In Valencia hat die Guardia Civil eine Bande zerschlagen, die verschlüsselte Messenger und Paketdienste für Drogentransporte in Spanien und über 45 Länder nutzte. Die Polizei stellte 172,5 Kilo Drogen und 26.000 Euro Bargeld sicher.
Die Guardia Civil hat fünf Personen festgenommen, drei Männer und zwei Frauen. Sie sollen zu einer Organisation gehören, die in nationalen und internationalen Drogenhandel mit Basis in Valencia verwickelt ist. Nach Angaben der Sicherheitskräfte verschickte die Gruppe mehr als 172 Kilogramm Drogen in ganz Spanien und in 45 weitere Länder.
Die Ermittlungen begannen nach einem scheinbar kleinen Fund: In Ghana wurden 100 Gramm MDMA sichergestellt, die aus Valencia stammten. Von diesem Hinweis aus rekonstruierten die Beamten Schritt für Schritt eine deutlich komplexere Struktur. Diese umfasste unter anderem ein Labor in den Regionen La Costera und Canal de Navarrés.
Nach Angaben der Guardia Civil erhielt die Organisation ihre Bestellungen über verschlüsselte Messenger-Dienste. So wollten die Täter eine Überwachung durch die Polizei erschweren. Sobald eine Bestellung bestätigt war, bereitete die Gruppe die Drogen vor und verschickte sie als gewöhnliche Postpakete.

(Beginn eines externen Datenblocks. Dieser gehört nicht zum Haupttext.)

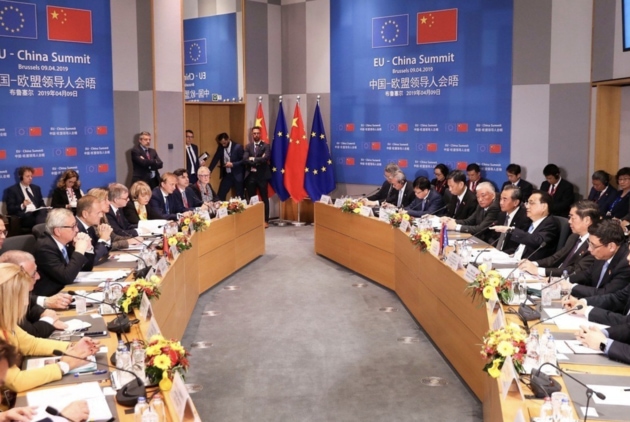 Beijing Pressed at Brussels to Open EU Market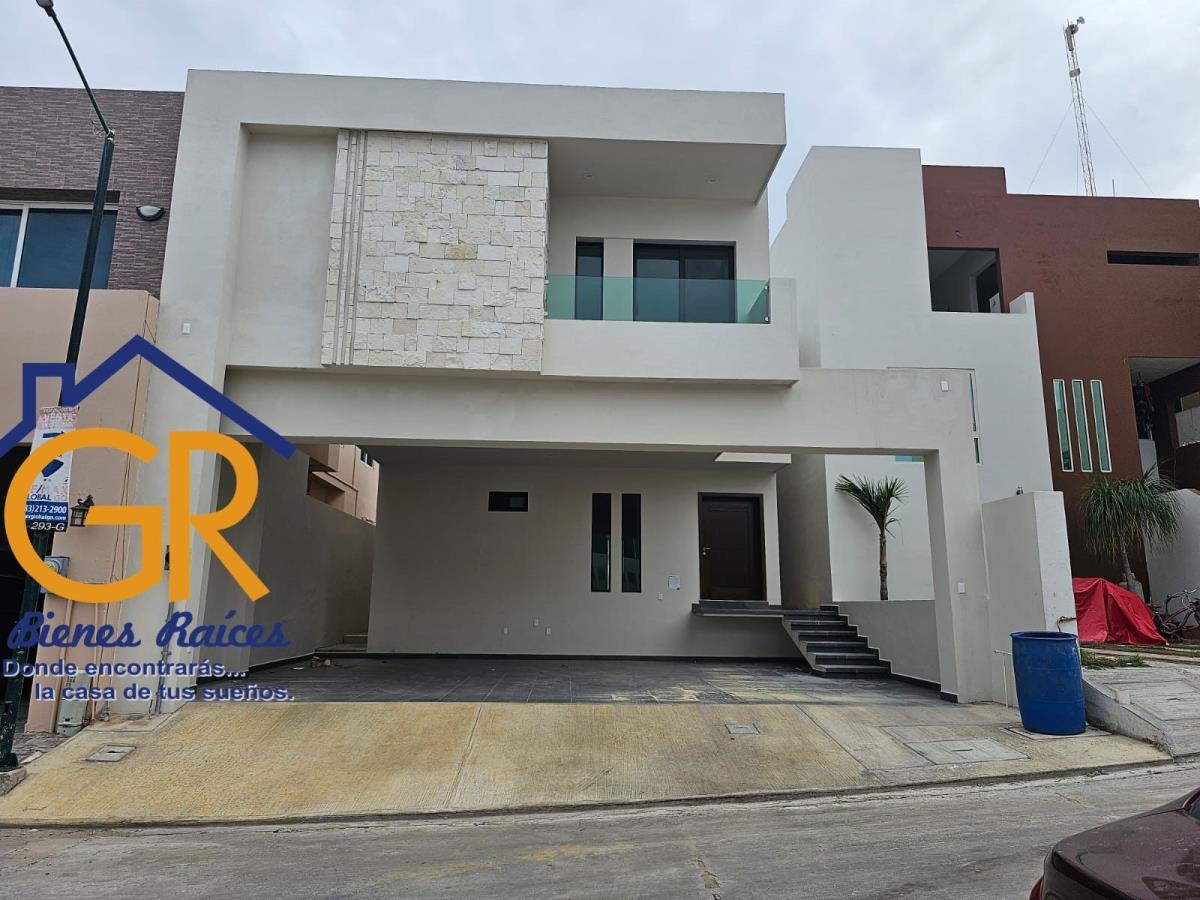 Casa en venta en Hacienda del Rul, Tampico — foto 1 de 41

173 Kilo Drogen: Sendungen in 8 Länder, auch Australien und USA
Bei den Durchsuchungen beschlagnahmten die Ermittler 172,5 Kilo verschiedener Substanzen. Sie waren bereits verpackt und für den Versand in Länder wie Italien, Ungarn, Rumänien, Australien, die Vereinigten Staaten, Thailand, Taiwan oder Sri Lanka bestimmt – sowie in zahlreiche weitere Staaten.
Im Einzelnen wurden sichergestellt:
- 116,5 Kilo Ketamin
- 18,4 Kilo Methamphetamin
- 6,9 Kilo Kokain
- 8,8 Kilo Haschisch
- 1 Kilo Heroin
- 20.000 Dosen LSDHinzu kommen 20,85 Kilo weiterer Substanzen, 25 Kilo Streckmittel und 41 Kilo Chemikalien zur Herstellung der Drogen.
Die Festnahmen erfolgten am 9. September, als die Guardia Civil mehrere Immobilien in Anna und Alcúdia de Crespins in der Provinz Valencia durchsuchte. Dort entdeckten und räumten die Beamten sowohl das Labor als auch den Bereich, in dem die Pakete vorbereitet und die Drogen versteckt wurden.
Bei den Einsätzen stellten sie außerdem 26.000 Euro in bar, Präzisionswaagen und verschiedenes Material sicher, das für die Herstellung und den Versand der Drogen genutzt wurde.
Seit 2025: 1.500 Sendungen
Den Ermittlungen zufolge nahm die Organisation ihre Tätigkeit im Jahr 2025 auf. Seitdem verschickte sie fast jede Woche internationale Sendungen und nutzte dafür unterschiedliche Paketdienste. Insgesamt soll die Gruppe rund 1.500 Pakete verschickt haben, die nahezu alle spanischen Provinzen und mehr als 45 Länder erreichten.
Die fünf Festgenommenen, alles spanische Staatsangehörige, sind zwischen 18 und 44 Jahre alt. Vier von ihnen sitzen inzwischen in Haft, die fünfte Person wurde unter Auflagen auf freien Fuß gesetzt. Ihnen werden Drogenhandel, Mitgliedschaft in einer kriminellen Vereinigung und Identitätsdiebstahl zur Last gelegt.
Die Operation leitete das Team für Organisierte Kriminalität und Drogen (EDOA), das mit internationalen Stellen zusammenarbeitete. In Rumänien und Ungarn stoppten die Behörden Pakete und nahmen den Empfänger einer der Sendungen fest. Mit den Niederlanden lief die Koordinierung über Europol. Der spanische Postdienst Correos unterstützte die Ermittlungen, indem er ausstehende Sendungen blockierte.